It’s not lost on Owens that he began working Dodger games to help his own family, and ended up impacting so many others. “It took many years for me to finally realize how much the fans in the stands appreciate me,” he says. “It warms my heart, and makes me want to continue doing it year after year. Now I’m going through second and third generations who enjoy what I do.” For me, it’s four generations. As a child, my mother went to games with her father and grandfather, seeing a successful snag from Roger the Peanut Man as a way to get her father’s attention.

Owens hasn’t changed much over the years. He never embraced the technology of computers, cell phones and emails. His emails are handled by his wife, Sharon, whom he met 15 years ago through the analog version of online dating when she responded to a personal ad he placed in the Los Angeles Daily News. During their first date, she heard about his occupation and realized that her son had caught peanuts from him. They married on Valentine’s Day, which is also his birthday.

At 75, he still entertains the crowd like no one else. He’s had to remove some of the throws from his repertoire due to arthritis in his back—aging is not kind to going between the legs. And working requires more time for preparation and recovery. His day starts with stretching focused on strengthening back muscles, followed by getting loose on an exercise bike. After games, he’ll ice the back while watching late-night talk shows.

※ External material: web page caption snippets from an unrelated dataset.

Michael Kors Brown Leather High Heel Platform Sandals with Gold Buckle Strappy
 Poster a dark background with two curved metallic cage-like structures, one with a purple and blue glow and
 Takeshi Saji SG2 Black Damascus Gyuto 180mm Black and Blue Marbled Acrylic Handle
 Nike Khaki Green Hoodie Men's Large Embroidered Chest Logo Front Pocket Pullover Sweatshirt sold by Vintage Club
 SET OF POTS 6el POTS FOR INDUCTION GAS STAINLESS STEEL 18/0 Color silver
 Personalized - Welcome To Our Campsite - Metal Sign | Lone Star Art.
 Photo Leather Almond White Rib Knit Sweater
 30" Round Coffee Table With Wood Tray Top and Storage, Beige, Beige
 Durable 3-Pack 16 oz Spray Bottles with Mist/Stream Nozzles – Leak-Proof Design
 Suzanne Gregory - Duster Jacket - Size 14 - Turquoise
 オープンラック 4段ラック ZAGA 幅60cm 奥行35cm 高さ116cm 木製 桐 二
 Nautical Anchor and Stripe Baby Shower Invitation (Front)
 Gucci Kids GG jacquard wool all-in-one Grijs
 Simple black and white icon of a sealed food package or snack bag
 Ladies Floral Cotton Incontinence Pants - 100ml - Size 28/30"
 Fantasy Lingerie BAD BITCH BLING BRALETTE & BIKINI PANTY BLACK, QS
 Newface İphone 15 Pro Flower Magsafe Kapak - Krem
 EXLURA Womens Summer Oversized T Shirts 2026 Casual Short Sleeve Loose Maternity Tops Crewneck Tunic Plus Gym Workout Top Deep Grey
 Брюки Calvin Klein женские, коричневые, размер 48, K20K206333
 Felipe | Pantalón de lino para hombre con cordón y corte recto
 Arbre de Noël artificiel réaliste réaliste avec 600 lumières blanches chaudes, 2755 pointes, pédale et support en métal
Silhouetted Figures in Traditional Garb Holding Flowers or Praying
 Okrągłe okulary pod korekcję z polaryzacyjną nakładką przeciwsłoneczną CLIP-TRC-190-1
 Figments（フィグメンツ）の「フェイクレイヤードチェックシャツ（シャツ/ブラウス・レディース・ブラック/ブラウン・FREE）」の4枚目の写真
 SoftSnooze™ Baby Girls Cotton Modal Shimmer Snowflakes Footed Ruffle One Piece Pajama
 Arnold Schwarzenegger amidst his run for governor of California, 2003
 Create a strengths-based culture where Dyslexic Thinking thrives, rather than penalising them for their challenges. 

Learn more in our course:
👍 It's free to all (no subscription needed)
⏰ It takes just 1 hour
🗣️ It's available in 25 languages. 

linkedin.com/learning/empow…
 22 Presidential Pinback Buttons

When legendary Dodgers announcer Vin Scully retired in 2016, fans started telling Owens not to leave them too. He reassures them that retirement isn’t yet a consideration. “When I leave that ballpark, it feels like I’ve done a good day’s work and made a lot of people happy,” he says. “I’ll joke with them that I’ve already called the Dodgers to commit for another 40 years. The way prices are going up, I’ll be selling these peanuts for $90 a bag. Think of the commissions I’ll make!”